Information supplied ▸
━━━━━━━━━━━━━━━━━━━━
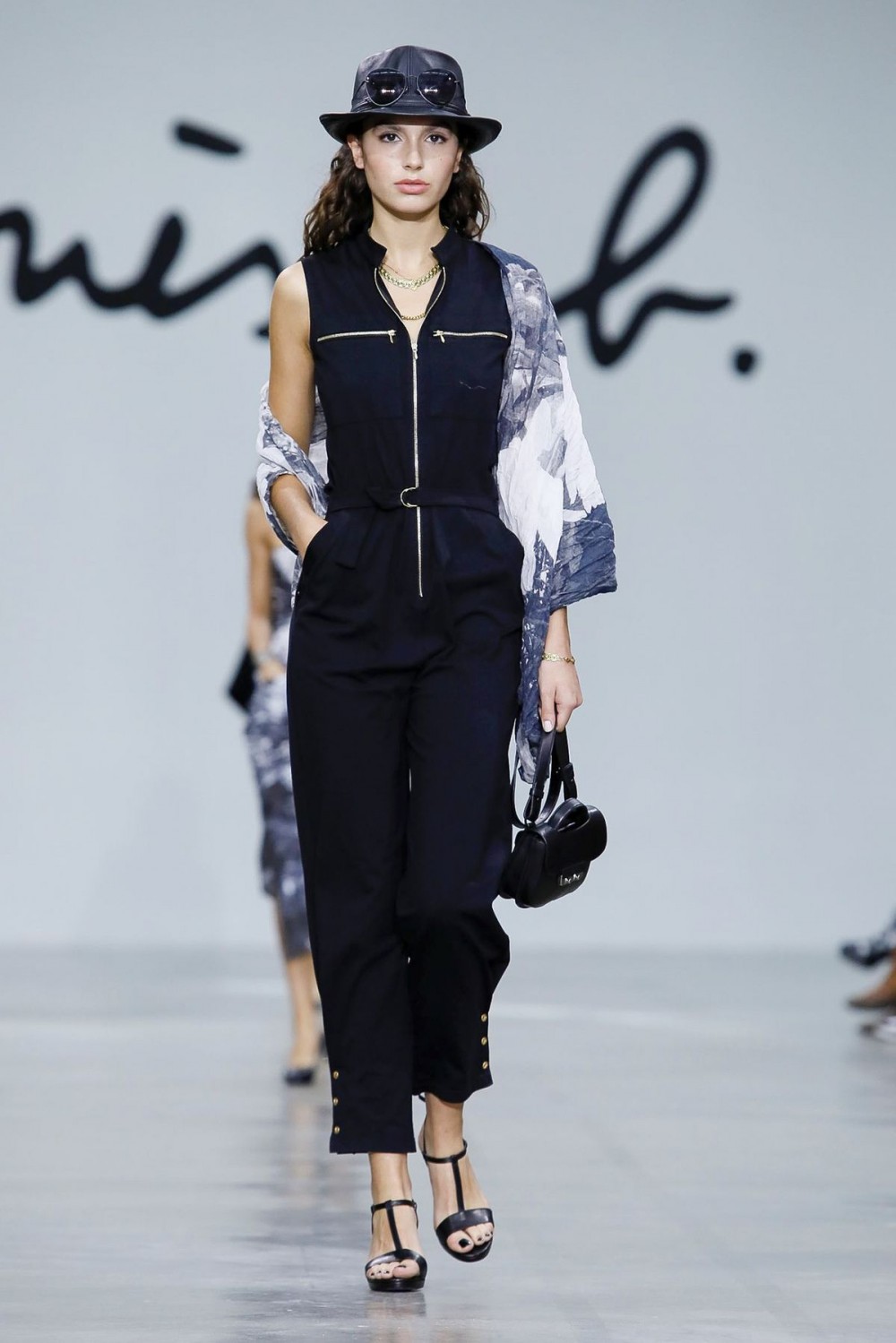 【巴黎時裝週】agnès b.的感官饗宴！Agnès Troublé完美融合時尚和藝術的浪漫系列！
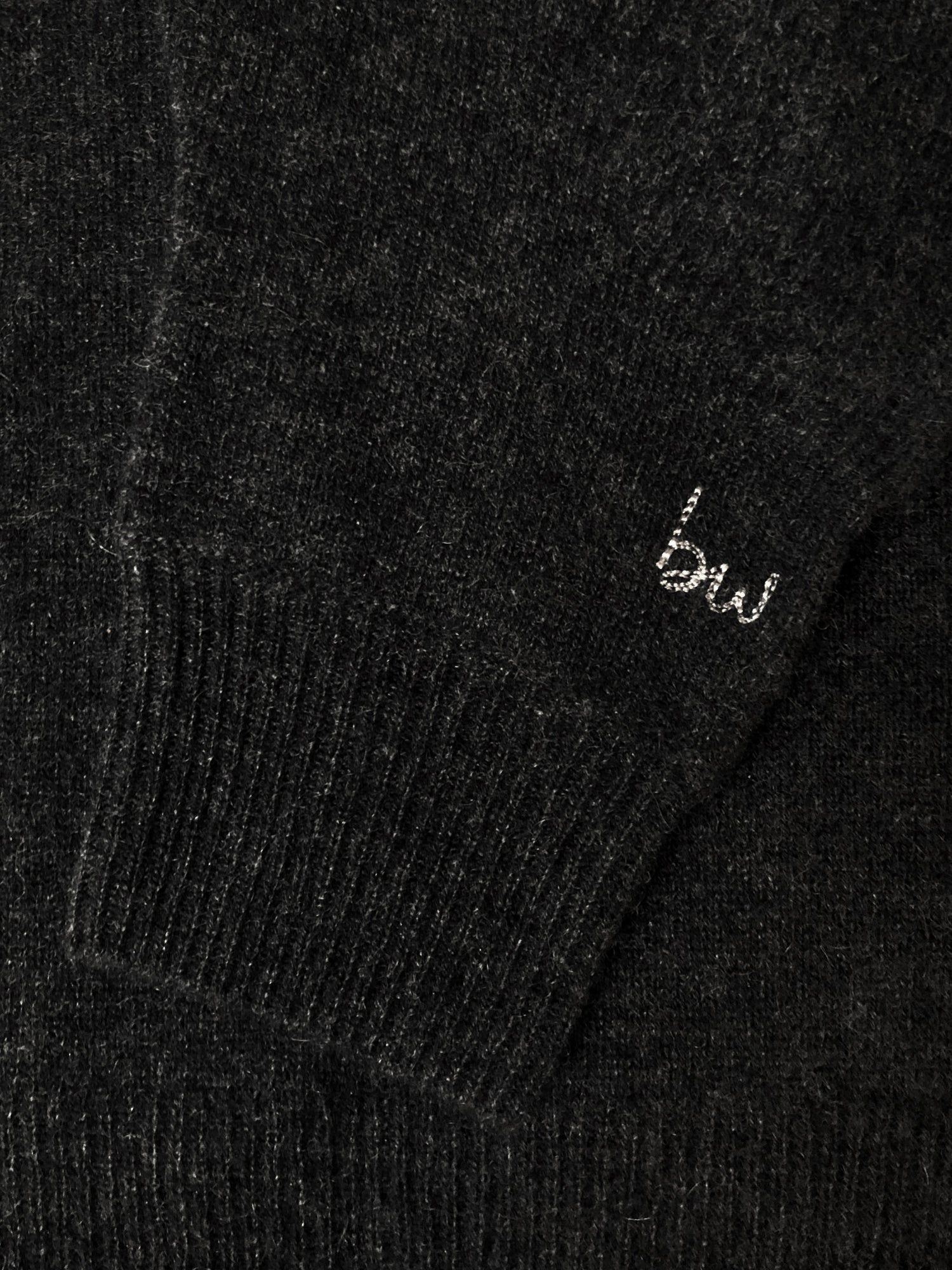 The Marcel Vee sold by Brochu Walker product image thumbnail 3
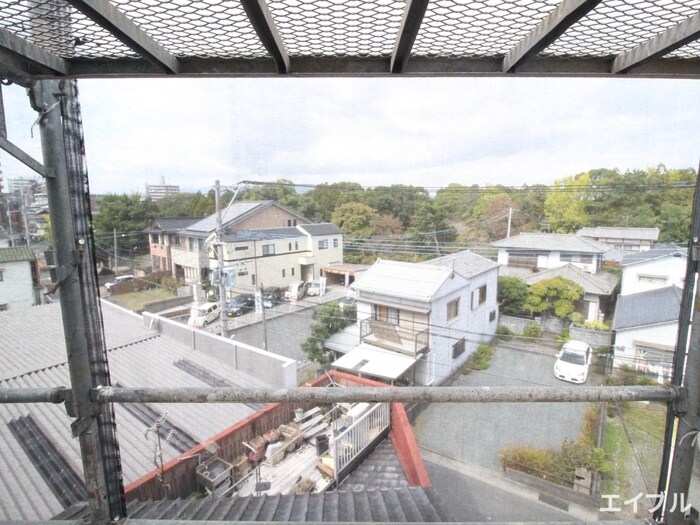 物件内観写真13　(室内からの展望)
━━━━━━━━━━━━━━━━━━━━
To do ▸ The data should be printed again unchanged; leave its pictures out.

The answer ▸
 【巴黎時裝週】agnès b.的感官饗宴！Agnès Troublé完美融合時尚和藝術的浪漫系列！
 The Marcel Vee sold by Brochu Walker product image thumbnail 3
 物件内観写真13　(室内からの展望)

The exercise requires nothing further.